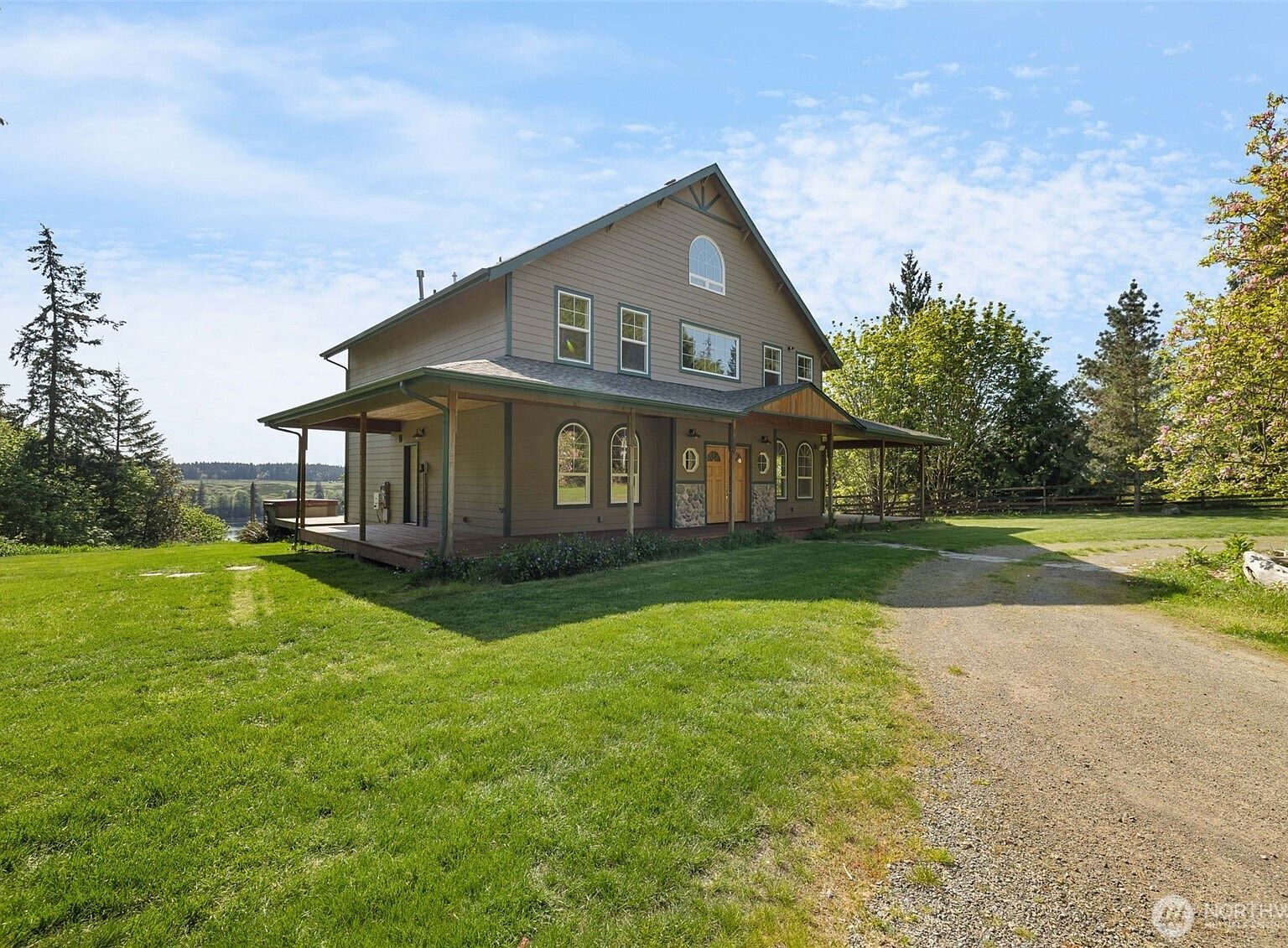 14502 45th Street SW, Lakebay, WA 98349 | Zillow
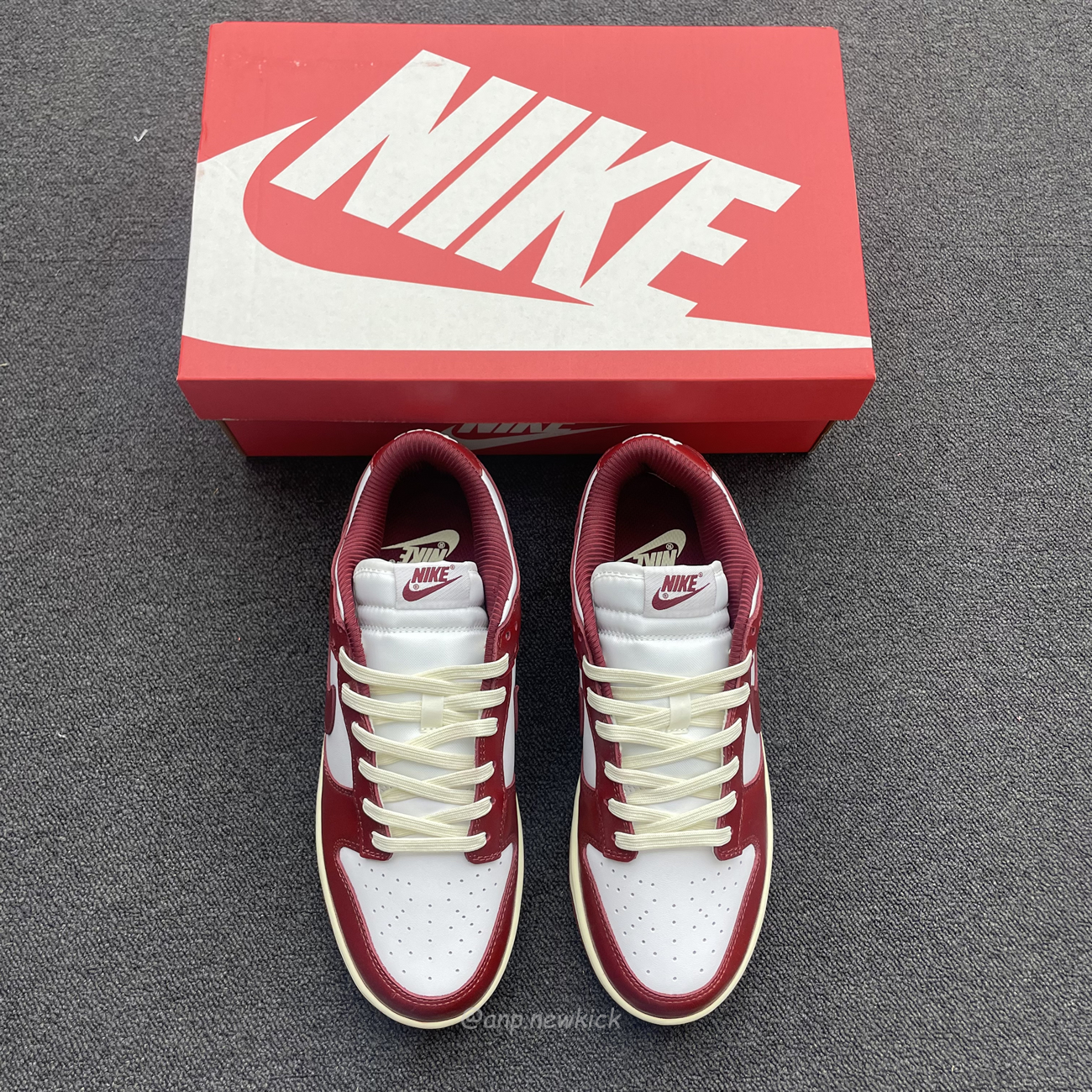 Nike Dunk Low Prm Vintage Team Red Fj4555 100 (7) - www.kitistry.com Nike Dunk Low Prm Vintage Team Red Fj4555 100 (7) - www.kitistry.com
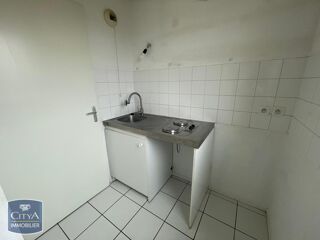  Appartement � vendre 3 pi�ces 55 m�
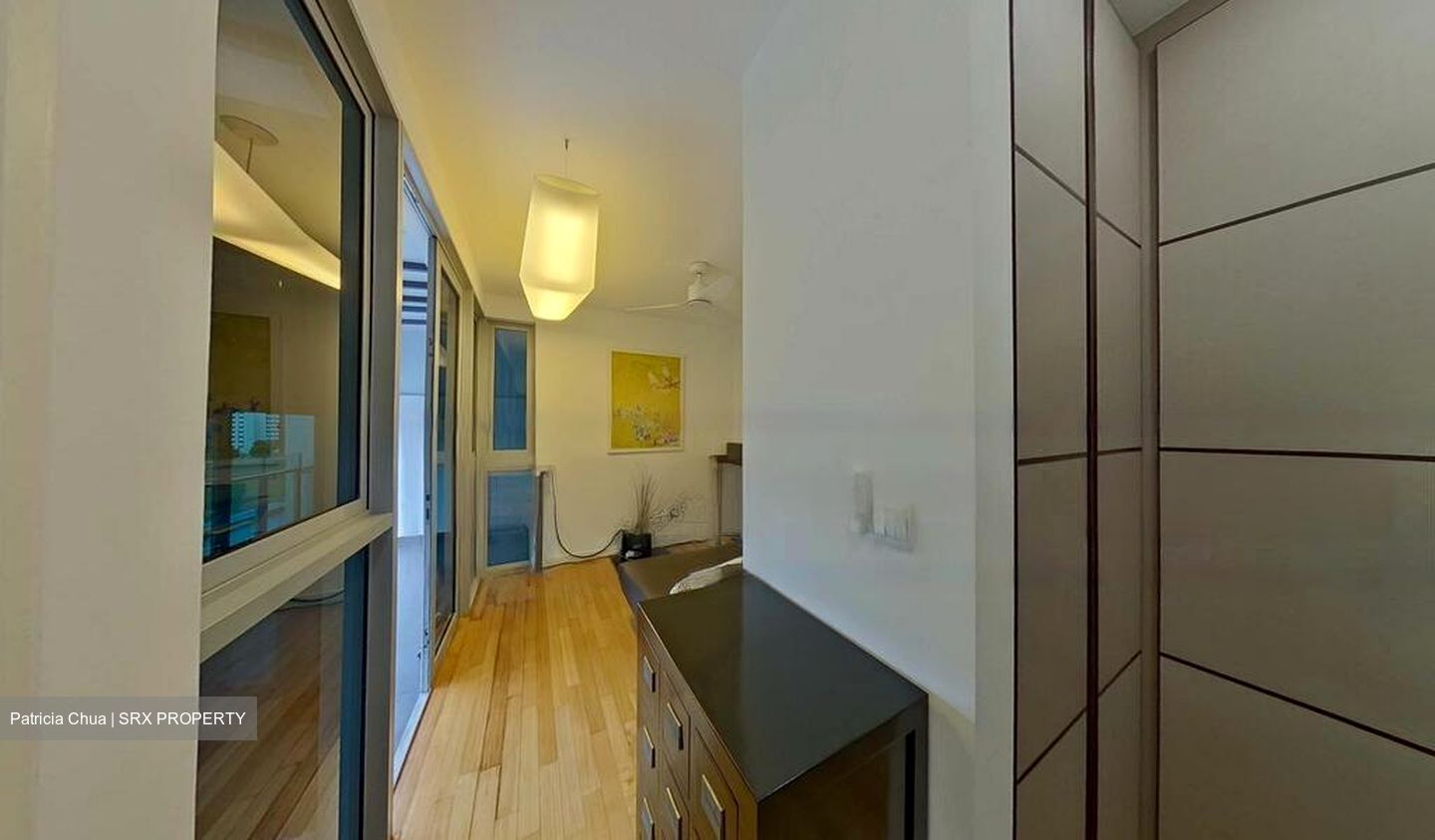 Canberra Residences (D27), Condominium #461335141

========================================================================

Task details: The listing above must be repeated exactly, apart from the pictures.

Solved problem:
 14502 45th Street SW, Lakebay, WA 98349 | Zillow
 Nike Dunk Low Prm Vintage Team Red Fj4555 100 (7) - www.kitistry.com Nike Dunk Low Prm Vintage Team Red Fj4555 100 (7) - www.kitistry.com
  Appartement � vendre 3 pi�ces 55 m�
 Canberra Residences (D27), Condominium #461335141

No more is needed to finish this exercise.